论文信息 - Theory of Deep Learning III : the non-overfitting puzzle

Theory of Deep Learning III : the non-overfitting puzzle

A main puzzle of deep networks revolves around the apparent absence of overfitting intended as robustness of the expected error against overparametrization, despite the large capacity demonstrated by zero training error on randomly labeled data. In this note, we show that the dynamics associated to gradient descent minimization of nonlinear networks is topologically equivalent, near the asymptotically stable minima of the empirical error, to a gradient system in a quadratic potential with a degenerate (for square loss) or almost degenerate (for logistic or crossentropy loss) Hessian. The proposition depends on the qualitative theory of dynamical systems and is supported by numerical results. The result extends to deep nonlinear networks two key properties of gradient descent for linear networks, that have been recently recognized (1) to provide a form of implicit regularization: 1. For classification, which is the main application of today’s deep networks, there is asymptotic convergence to the maximum margin solution by minimization of loss functions such as the logistic, the cross entropy and the exp-loss . The maximum margin solution guarantees good classification error for “low noise” datasets.
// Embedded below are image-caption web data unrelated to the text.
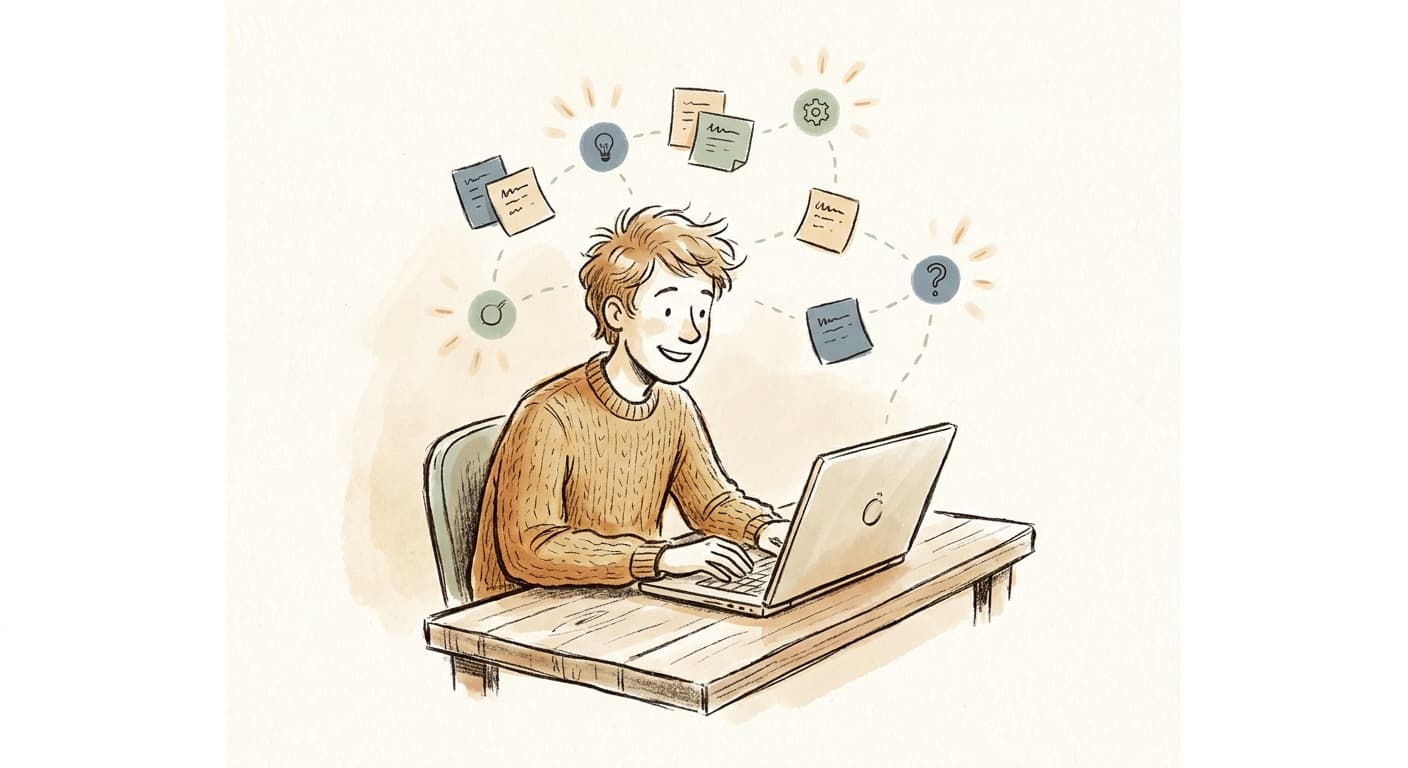 A person at a laptop recalling a decision, memory cards and a node floating nearby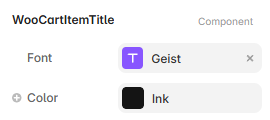 Framer property controls for the Cart Item Title component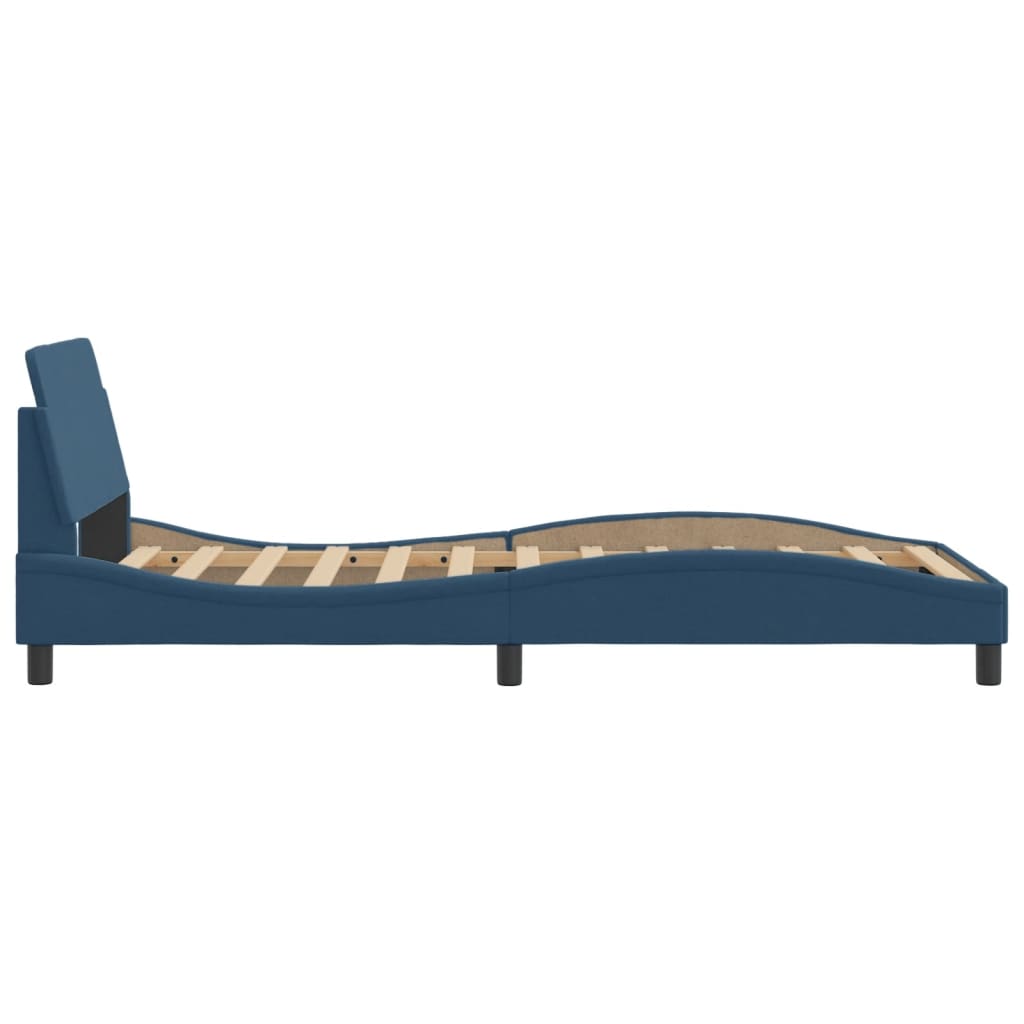 Cadre de lit avec tête de lit sans matelas bleu 100x200cm tissu - XIOS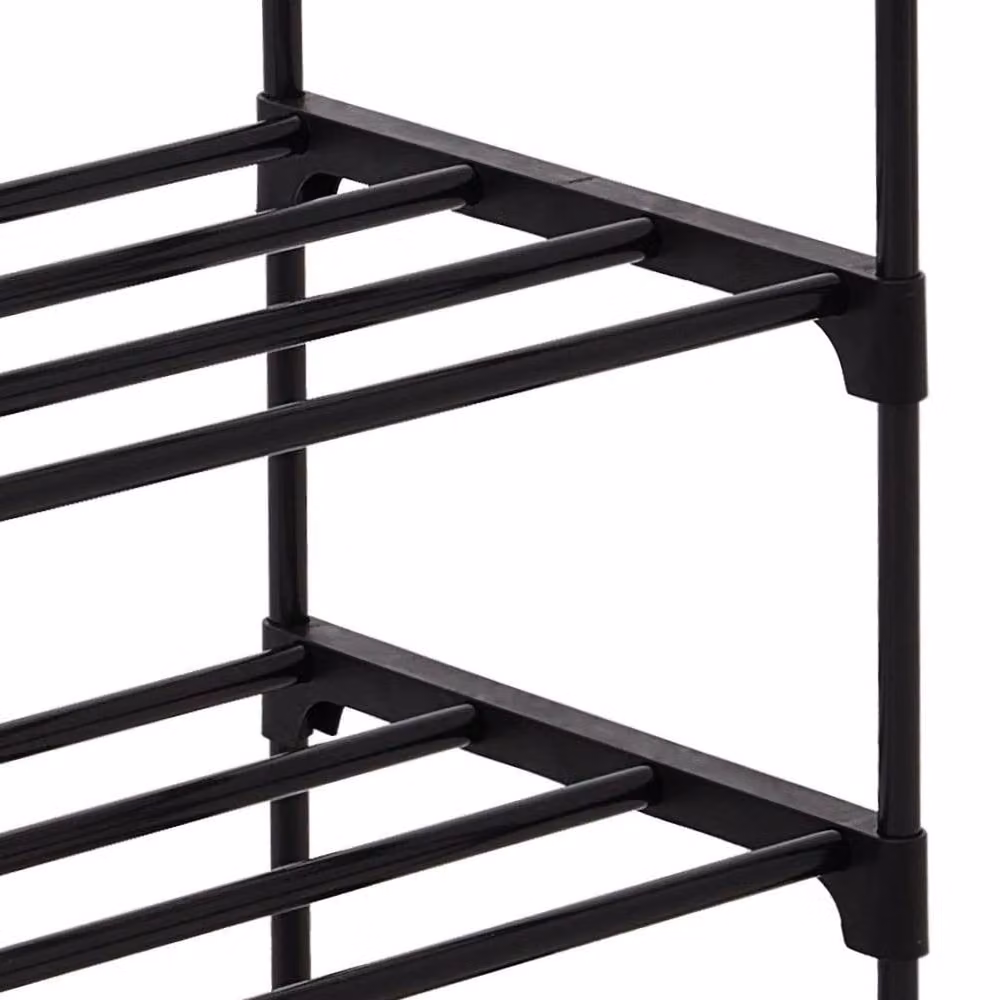 FORGEVIO 3 Tier Adjustable Metal Shoe Rack in Black – 3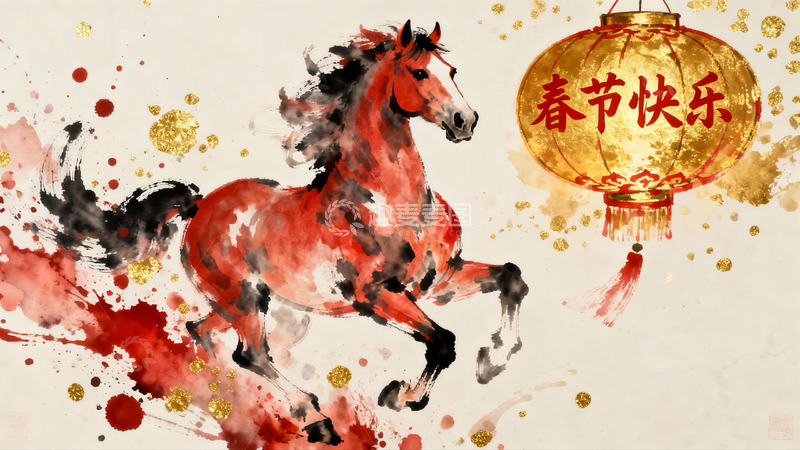 高清大图下载【趣麦麦图】春节骏马灯笼水墨画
Importantly, this property holds independently of the initial conditions. Because of this property, our proposition guarantees a maximum margin solution also for deep nonlinear networks. 2. Gradient descent enforces a form of implicit regularization controlled by the number of iterations, and asymptotically converges to the minimum norm solution for appropriate initial conditions of gradient descent. This implies that there is usually an optimum early stopping that avoids overfitting of the expected risk. This property, valid for the square loss and many other loss functions, is relevant especially for regression. In the case of deep nonlinear networks the solution however is not expected to be strictly minimum norm, unlike the linear case. The robustness to overparametrization has suggestive implications for the robustness of the architecture of deep convolutional networks with respect to the curse of dimensionality.